Gas giant at distant sun found to have 80,000-yr orbit
The distance from the star is deemed to be the reason that the orbit takes so long. Even dwarf planet Pluto – which was once considered the most distant planet in our solar system – only takes 248 years to orbit the Sun
“We observed more than 90 stars and have found one planet. It is therefore an astronomical curiosity,” lead researcher Marie-Eve Naud, PhD student in the department of Physics at the University of Montreal, said in a statement released on the university website.
It orbits its parent star, GU Psc, at a distance of about 2,000 AUs (2,000 times the Earth-Sun distance, or around 300 billion km), which is a record among exoplanets.

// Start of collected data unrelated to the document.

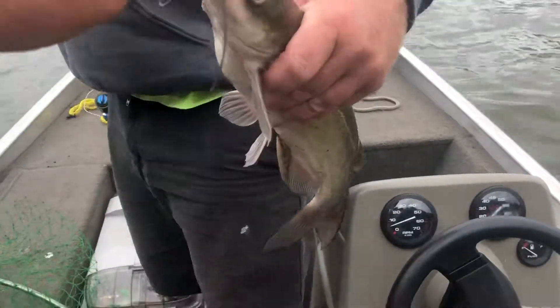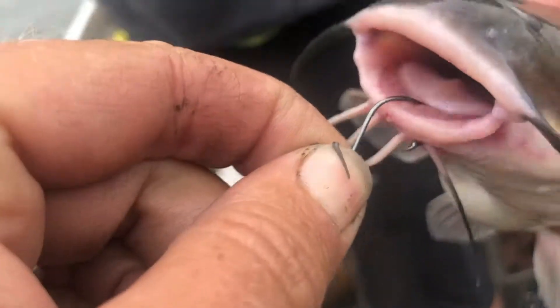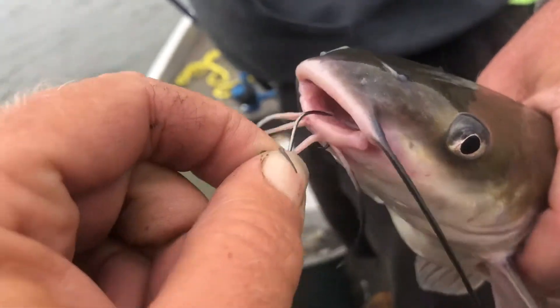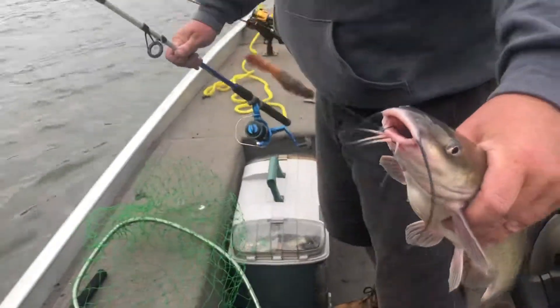This is a perfect circle hook set — it's got a little circle and the fish hook themselves. You normally get them right in the lip so they can't shake it off, which is nice. Other types of hooks for catfish will go down and you end up gutting them. Hey, I got another one!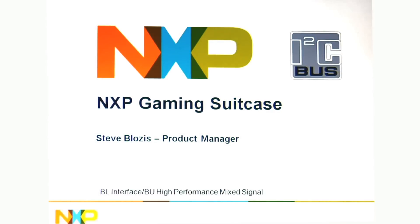Hi, this is Steve Lozos. I'm a product manager here at NXP doing I2C devices, and today we're going to talk about the NXP Gaming Suitcase.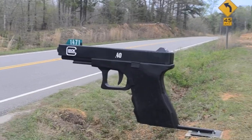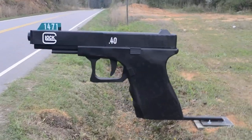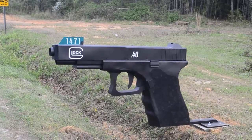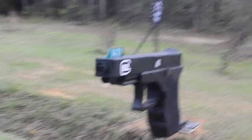Some people have seen the pictures of the mailbox I made and thought that it was a Photoshop trick. Well, it's not. Maybe the video will prove it. I designed and made it out of steel to resemble a Glock pistol.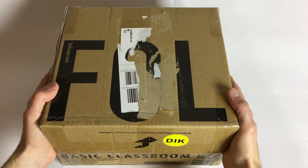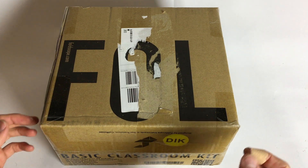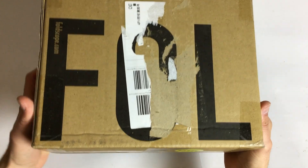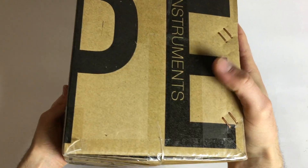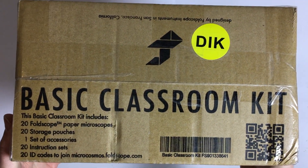Today we got a 'Trit Especiale' — I don't know where I heard it but I think that's what you say if you unbox something today. And if we have a look at it, it is the F-O-L-D-S-C-O-P-E instrument. The Foldscope basic classroom kit.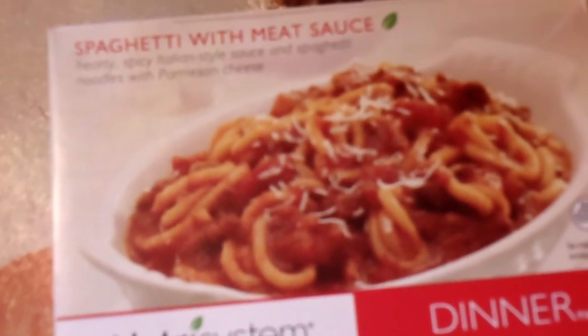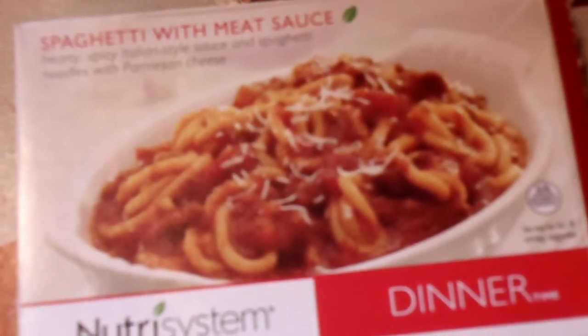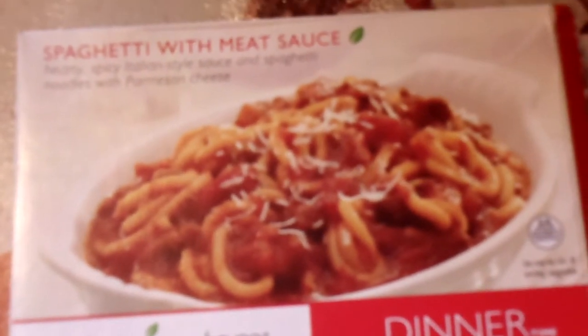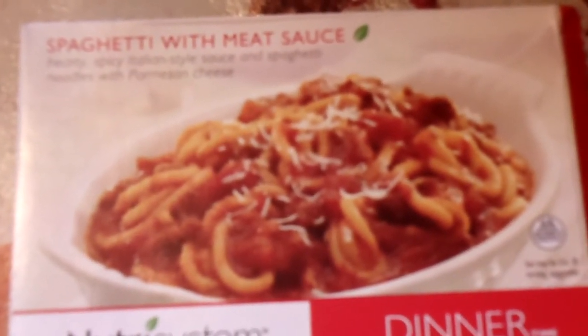It comes in a box like this. You don't have to refrigerate it unless you've opened it, which I haven't. So it's nice for storage — nice to take it to lunch, to work, or to school.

The gas giant’s parent is three times smaller than our sun, while the planet’s mass is between 9 and 13 times that of Jupiter.
It was by comparing images obtained from the various observations obtained in different wavelengths from the Gemini Observatories, the Observatoire Mont-Mégantic (OMM), the Canada-France-Hawaii Telescope (CFHT) and the W M Keck Observatory that they were able to correctly detect the planet.
“Planets are much brighter when viewed in infrared rather than visible light, because their surface temperature is lower than those of stars,” said Naud.
“GU b Psc is a veritable gift of nature. The great distance that separates it from its star renders it possible to conduct a thorough study with a variety of instruments, allowing a better understanding of giant exoplanets in general,” stated René Doyon, Marie-Eve Naud’s co-supervisor and director of the WM Keck Observatory.
The discovery in the constellation Pisces, 155 light-years away from our planet, signifies a possibility that researchers may be able to detect planets like GU Psc b in future. Its distance from its star has raised awareness of the possibility that planets can orbit at such great a distance.
The same team is to launch a project to attempt to observe hundreds of stars and detect planets with similarly wide orbits.
The research is to be published in the May-20 issue of the Astrophysical Journal.